Auf diese Fragen gibt es in Wirklichkeit nur eine Antwort: Netzwerken, und zwar richtig. Am besten man sucht sich 1-3 passende Netzwerke aus und pflegt diese gut, soll heißen man engagiert sich, besucht Veranstaltungen und arbeitet gewonnene Fälle in sehr guter Qualität ab. Damit ist nicht nur die rechtliche Seite gemeint, auch menschlich müssen Rechtsanwältin und Mandanten die gleiche Wellenlänge haben.
Aller Anfang ist schwer. Mit etwas Durchhaltevermögen entwickelt sich aber relativ schnell eine effiziente Dynamik, was Mandate angeht. Gute Arbeit spricht sich schnell herum und das eine ergibt das andere.
Man muss auch für sich selbst beantworten können, wer die Zielgruppe sein soll und in welchen Fachgebieten man tätig wird. Gerade heutzutage ist es unerlässlich, Spezialgebiete zu haben. Der Gedanke rechtlich alles abzudecken ist schön, aber leider nicht realistisch. Die Rechtsgebiete sind entsprechend komplex und ist es besser, sich gleich mit ausgewählten Fachgebieten vertraut zu machen. Bei manchen Fachgebieten ist dann auch schnell klar, ob man mit natürlichen Personen (zB im Familienrecht) oder juristischen Personen (zB im Gesellschaftsrecht) arbeiten wird.
Die wohl erste und gleichzeitig wichtigste Entscheidung, die man zu treffen hat ist, ob man sich mit anderen Rechtsanwälten oder alleine als Rechtsanwältin selbstständig macht. Den richtigen Kanzleipartner zu finden ist vieles, aber sicher nicht leicht. So oder so kann man zufrieden und erfolgreich arbeiten.

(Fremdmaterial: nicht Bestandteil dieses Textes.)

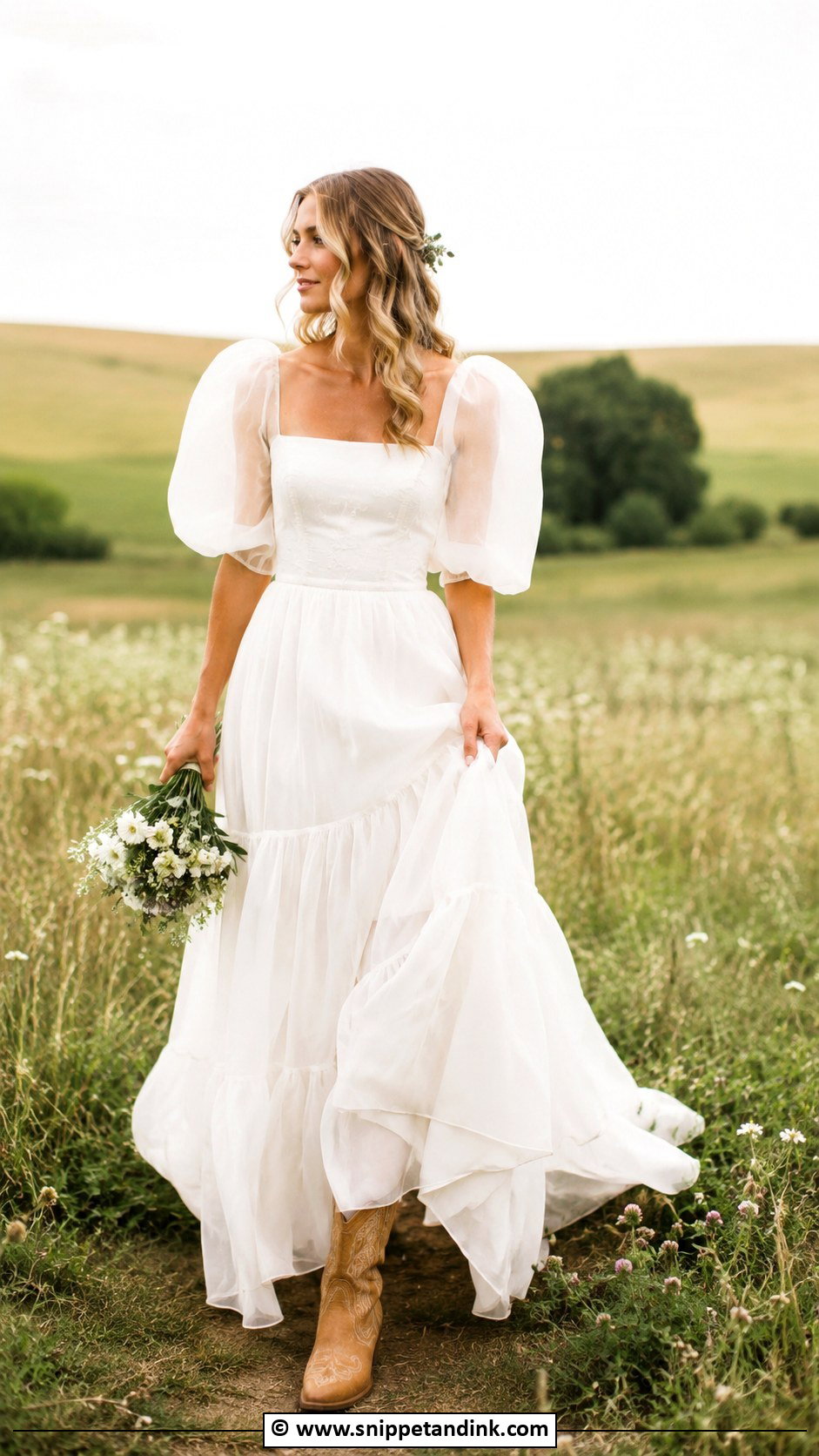 Western Wedding Dress With Puff Sleeves - Snippet and Ink - 35 Western Wedding Dresses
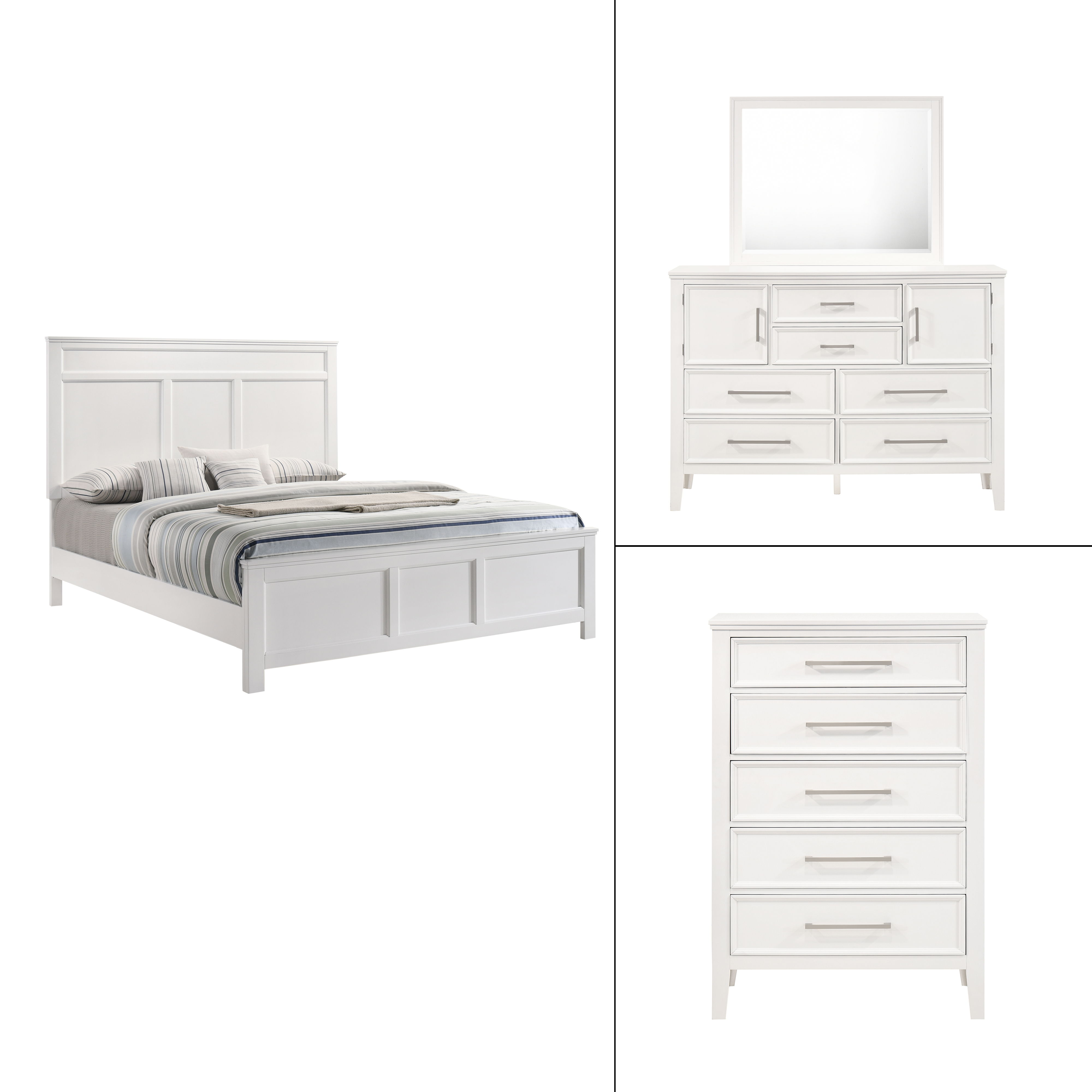 King · 4 Pc · Bed, Dresser, Mirror, Chest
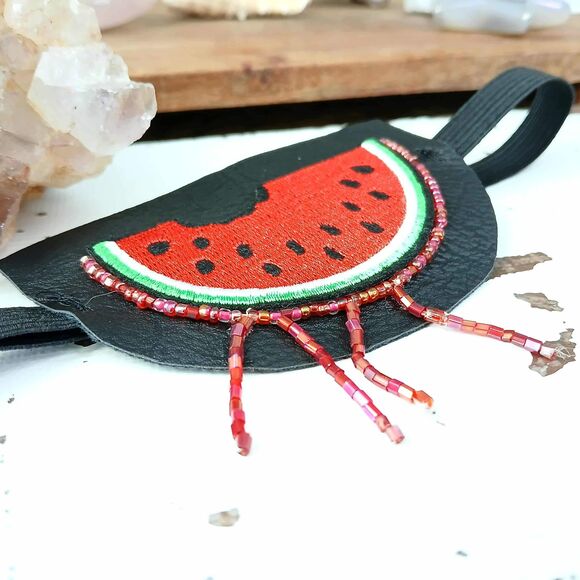 Watermelon Embroidered Beaded Eye Patch, Adjustable Vision Accessory, Ocular Aid - Picture 4 of 5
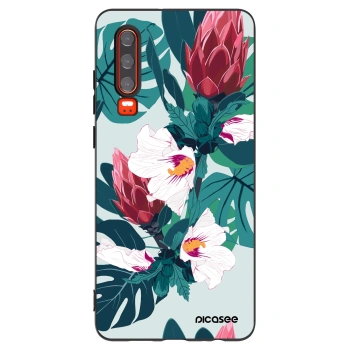 Picasee husă neagră din silicon pentru Huawei P30 - Rhododendron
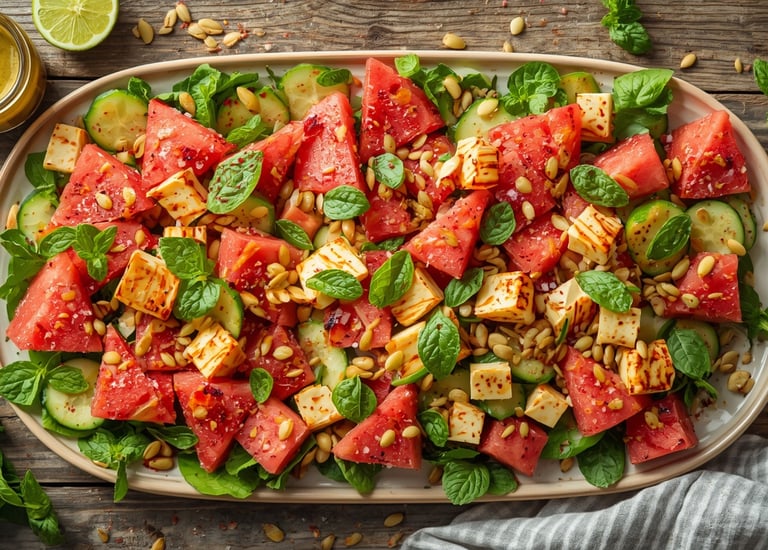Vibrant watermelon feta salad with cucumber, pumpkin seeds, and fresh mint on a wooden table, perfect for a summer dish.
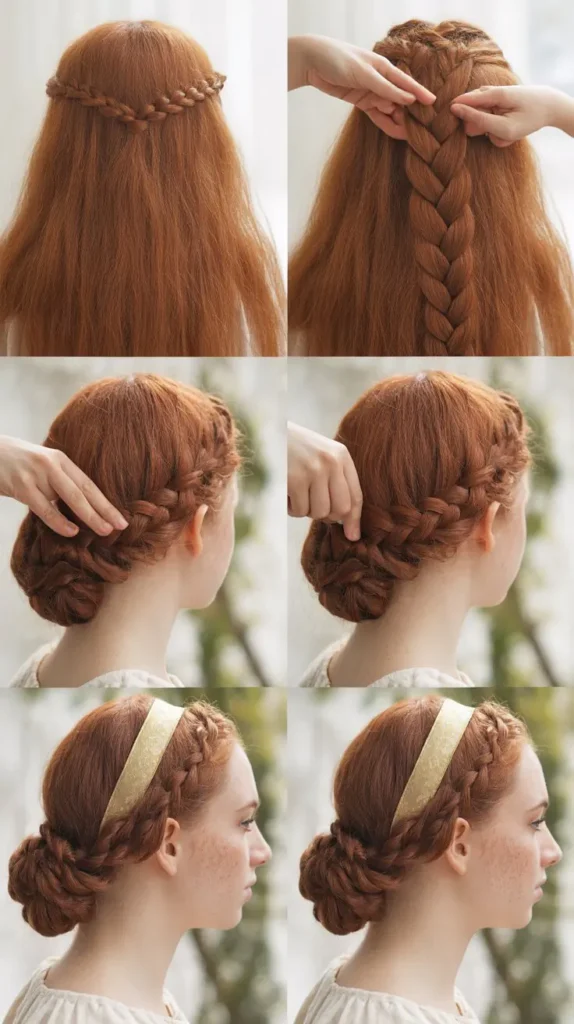 French Braid Into Low Bun
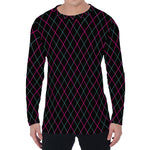 Black Pink And Blue Argyle Pattern Print Men's Long Sleeve T-Shirt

Klar ist aber auch, dass ein Backup – wenn gleich in Form einer Substitutin – niemals schaden kann, weder im Hinblick auf (gesundheitliche) Ausfälle, noch im Hinblick auf Terminkollisionen.
Als wertvoll empfinden wir beispielsweise den Synergieeffekt: Jeder hat besondere Stärken und gewisse Schwachstellen. Im Idealfall gleicht die eine das andere aus. Neben dem fachlichen ist aber vor allem menschliche Austausch sehr wertvoll. 4 Augen sehen immer mehr als 2 ; ) und ein lustiges Gespräch hat schon so manchen Tag gerettet.
Die vielen To-Do´s wirken anfänglich abschreckend. Aber Fakt ist, dass man sowieso nur einen Schritt nach dem anderen machen kann. Und wenn man genau das tut, geht man schon auf das Ziel los. Einfach TUN (und durchhalten). Es funktioniert wirklich.
Julia Schürz und Janine Karlsböck sind Rechtsanwältinnen & Mütter. Julia studierte Rechtswissenschaften an der Universität Wien, Janine studierte Rechtswissenschaften an der JKU. Beide absolvierten ihre gesamte Rechtsanwärterzeit in einer renommierten Wirtschaftskanzlei in Linz. Im Jahr 2021 gründeten die beiden ihre eigene Kanzlei „SCHÜRZ & KARLSBÖCK Rechtsanwälte“ mit 0 Mandaten. Der Schwerpunkt ihrer Tätigkeit liegt im Bereich Vertragsrecht, Gesellschafts- und Unternehmensrecht, IT-Recht sowie Familienrecht. Ihre Mandanten beraten die beiden mit fachlicher Expertise, einem Hauch Kreativität und Hausverstand.